Operating I get (I've checked this many times but please re-check it)

[tex] -\frac{t''}{t} + 2\frac{t'^2}{t^2} = \frac{1}{\theta_0^2} [/tex]

which, by changing variables [tex] t \rightarrow 1/y [/tex]

[tex] y'' - \frac{1}{\theta_0^2} y = 0 [/tex]

which has as solutions hyperbolic sines and cosines or, equivalently, a multiple of a hyperbolic cosine with a phase. This should be wrong because what I expect is to get a straight line in Minkowski spacetime as solution.
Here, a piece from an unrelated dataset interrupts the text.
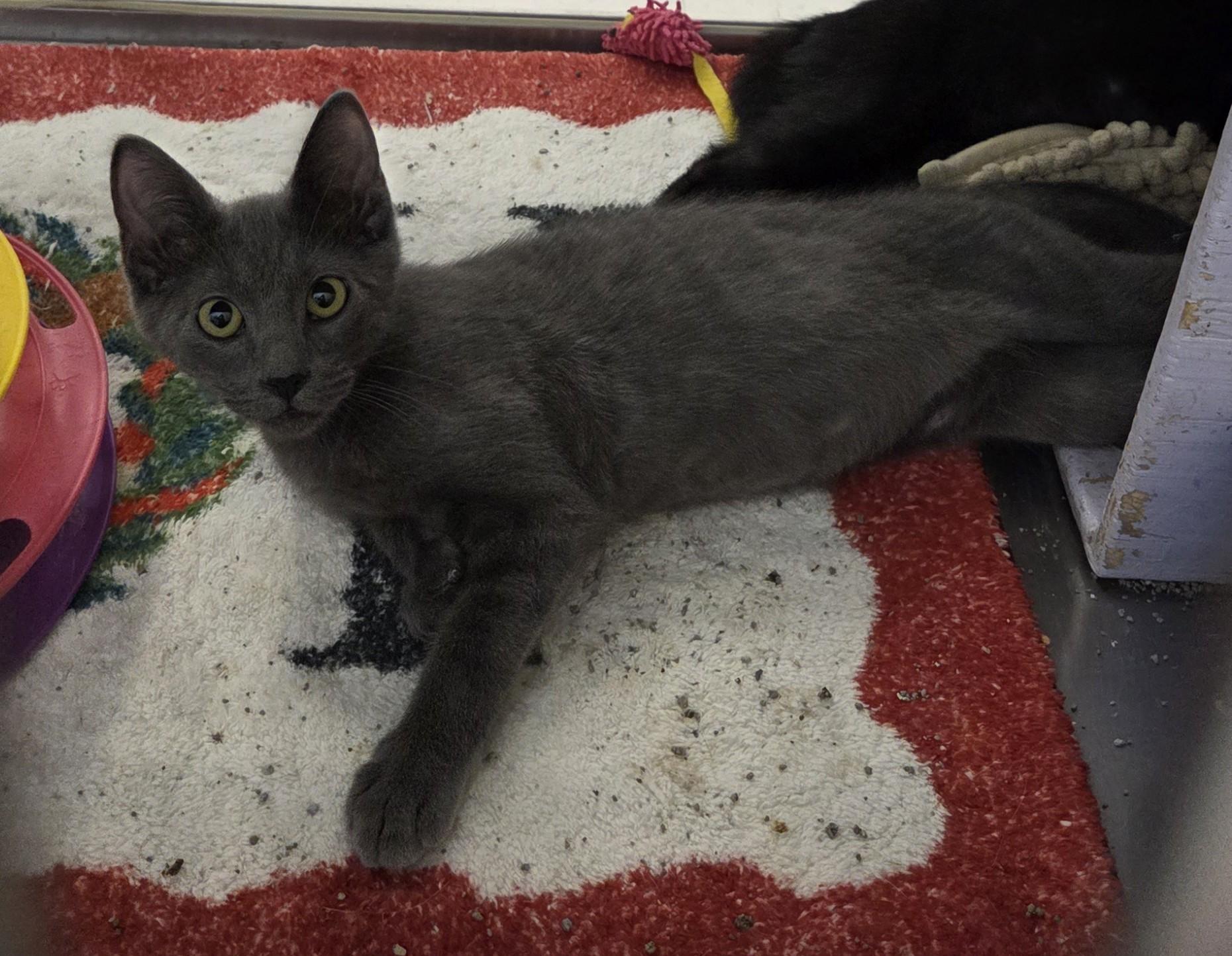 Enlarge Silver & Oliver, a Adopted Domestic Short Hair in Millville, UT image 4/4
A straight line in polar coordinates is something of the form

[tex] t = t_0 sec[\frac{1}{\theta_0} \theta + \phi] [/tex]

which means that the differential equation for y should have a PLUS sign in front of [tex]1/\theta_0^2[/tex].

What is wrong here?

Also, I would like to know as to what the best way to see whether the stationary function obtained by the E-L equations is a maximum or a minimum (or just a "saddle point") is.